バングラデシュでは現金は依然として重要な決済手段であり、デジタルリテラシーやシステム統合といった課題には継続的な取り組みが必要ですが、方向性は明確です。デジタル決済は経済全体における摩擦を軽減し、決済時間の短縮、取引コストの削減、透明性の向上、そして正規の金融サービスへのアクセス拡大につながっています。

デジタル決済が新規ユーザーや初めて利用するユーザーにも普及するにつれ、堅牢でシームレスな認証の確保が不可欠となっています。このニーズに応えるため、ビザはデジタルコマースにおける認証をさらに強化する「支払いパスキー」を導入します。従来のワンタイムパスワードを超越する支払いパスキーは、FIDO®規格に基づいて構築されており、指紋認証、顔認証、PINコードなど、デバイスに搭載されているロック解除方法を使用して取引を認証できます。
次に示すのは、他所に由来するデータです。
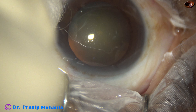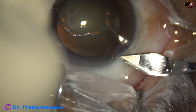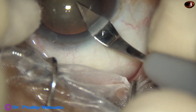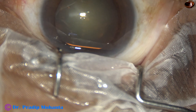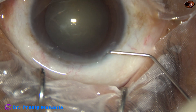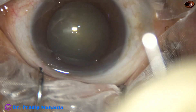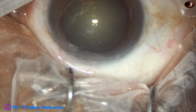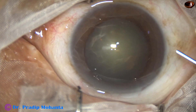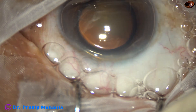This is a cataract with grade 2 plus or grade 3 nuclear sclerosis. This is the main incision with a 2.8 millimeter steel keratome. The site of incision is at around 11 o'clock. This is phenocaine — the patient is under topical anesthesia. In this case, I have decided to stain the capsule so that I can demonstrate the capsulorhexis very well.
簡単なワンタイム設定だけで、参加加盟店全体で一貫した認証を利用でき、セキュリティとユーザーエクスペリエンスの両方が向上します。

ビザは、200以上の国と地域で事業を展開し、革新的なソリューションを通じて世界中の消費者、企業、政府を結びつける、デジタル決済のグローバルリーダーであり続けています。昨年は、ビザネットワークを通じた資金移動の方法を拡張するヴィサダイレクトアカウント(VDA)に関する革新的な機能も導入しました。ヴィサ ディレクトは、銀行口座への迅速かつ安全な直接送金を可能にし、送金、企業間決済、個人間送金などのユースケースをサポートします。これらのソリューションは、口座間で資金を迅速かつ確実に移動できるようにすることで、企業の効率性を向上させ、消費者の利便性を高めます。

私たちは、バングラデシュの大手発行銀行と積極的に協力し、これらのイノベーションを国内の電子商取引エコシステムに導入しています。その目的は明確です。摩擦を軽減し、取引承認率を向上させ、セキュリティを強化し、デジタル商取引にとってより安全な環境を構築することです。私にとって、グローバルなテクノロジーと地元の機関とのこのパートナーシップこそが、安全かつ持続可能な進歩を可能にするものだと考えています。
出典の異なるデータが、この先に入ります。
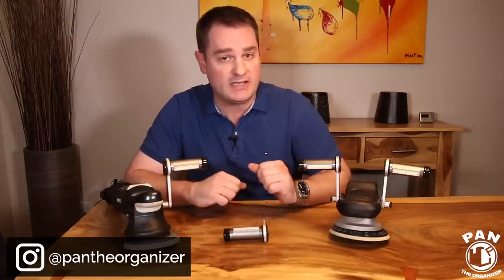Hey, what's up guys! Welcome to another episode of Pan the Organizer. Today I'm going to be showing you a new gadget that I discovered at the SEMA show in Las Vegas, and it's the Buffbrite Flamethrower Professional Polishing Light.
真の変化は、バングラデシュの決済エコシステムが、機関間の連携強化、セキュリティ基準の向上、金融セクター全体の協力によって進化している点にある。取引の目的は、請求書の支払い、食料品の購入、家族への送金など、従来と変わらないものの、スピードと利便性は劇的に向上した。今日では、QRコードをスキャンするか、スマートフォンをタップするだけで、多くの場合書類手続きなしで、数秒で決済が完了する。

プロセスは同じです。価値と価値の交換です。変わったのは、意図と完了の間の距離です。そして、その距離を縮めることで、単に支払いを容易にするだけでなく、バングラデシュ経済が今後、より効率的で、回復力があり、グローバルなつながりを維持できる有利な立場に立つことを支援しています。ビザは、バングラデシュの発展への継続的な取り組みの一環として、エコシステム全体のパートナーと共に、この進歩を促進できることを誇りに思います。

サビール・アハメドは、ビザのバングラデシュ、ネパール、ブータン担当カントリーマネージャーです。